Students from Western European countries, on the other hand, appear to be eager to join UK universities. Approximately 10,000 visas were granted to citizens of France, Germany, and Spain. Whatever the case, the implications of Brexit on EU students’ willingness to consider the UK as a higher education destination are undeniable.

The majority of data reveals that EU students are fleeing UK colleges as a result of new restrictions imposed by the government as a result of Brexit. These include the need to apply for student visas, higher fees, and a lack of access to government-backed funding. These limitations seem to be impacting university admissions in the United Kingdom.

According to UCAS data, there will be a 70 per cent decrease in undergraduate applications from some Eastern European nations in the 2021 admissions cycle. EU students had the freedom to relocate around the UK to study, work, and live prior to Brexit.
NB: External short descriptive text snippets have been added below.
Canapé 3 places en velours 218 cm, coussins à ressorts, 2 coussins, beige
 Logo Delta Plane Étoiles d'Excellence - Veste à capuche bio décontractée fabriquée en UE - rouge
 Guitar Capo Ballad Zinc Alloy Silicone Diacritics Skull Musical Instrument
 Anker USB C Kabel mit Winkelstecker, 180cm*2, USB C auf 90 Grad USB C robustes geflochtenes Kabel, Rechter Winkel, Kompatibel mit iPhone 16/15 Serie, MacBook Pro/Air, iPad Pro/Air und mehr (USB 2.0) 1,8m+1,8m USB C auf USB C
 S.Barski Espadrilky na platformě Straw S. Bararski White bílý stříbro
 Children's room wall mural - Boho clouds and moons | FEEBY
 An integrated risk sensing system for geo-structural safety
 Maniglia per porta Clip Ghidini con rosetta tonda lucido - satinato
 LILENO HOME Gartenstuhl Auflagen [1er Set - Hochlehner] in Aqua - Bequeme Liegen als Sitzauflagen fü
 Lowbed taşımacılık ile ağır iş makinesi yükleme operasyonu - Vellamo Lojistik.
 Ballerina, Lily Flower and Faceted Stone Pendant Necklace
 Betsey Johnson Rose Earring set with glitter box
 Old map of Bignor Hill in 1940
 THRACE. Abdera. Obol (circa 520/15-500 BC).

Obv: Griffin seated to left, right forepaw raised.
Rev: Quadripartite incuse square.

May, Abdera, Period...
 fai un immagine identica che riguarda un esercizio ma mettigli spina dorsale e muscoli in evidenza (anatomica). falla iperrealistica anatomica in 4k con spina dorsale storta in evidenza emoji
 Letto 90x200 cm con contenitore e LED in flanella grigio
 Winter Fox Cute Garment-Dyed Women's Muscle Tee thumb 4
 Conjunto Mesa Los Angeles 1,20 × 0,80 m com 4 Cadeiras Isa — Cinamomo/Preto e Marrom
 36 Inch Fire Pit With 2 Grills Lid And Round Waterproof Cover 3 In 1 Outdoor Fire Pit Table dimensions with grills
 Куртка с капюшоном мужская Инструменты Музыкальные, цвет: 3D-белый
Meanwhile, EU students are now put in the same category as international students, and as a result, they face substantially greater charges if they desire to continue their studies there. And one such requirement for EU students is to apply for a student visa.

The UK student visa price is 348 pounds, with an extra 475 pounds required if students seek to renew their visa from within the UK. All overseas students must also pay the immigration health premium, as part of their visa application.

This fluctuates depending on the length of a student’s study, but most will be required to pay roughly 470 pounds every year. EU students must also pay foreign tuition costs that are at least two to three times the amount paid by the students who are residents of the UK.

This significantly reduces the number of Eastern European students who will be willing to attend UK universities, said Stella Ziffova, a Hungarian-Slovak undergraduate student at the University of Exeter.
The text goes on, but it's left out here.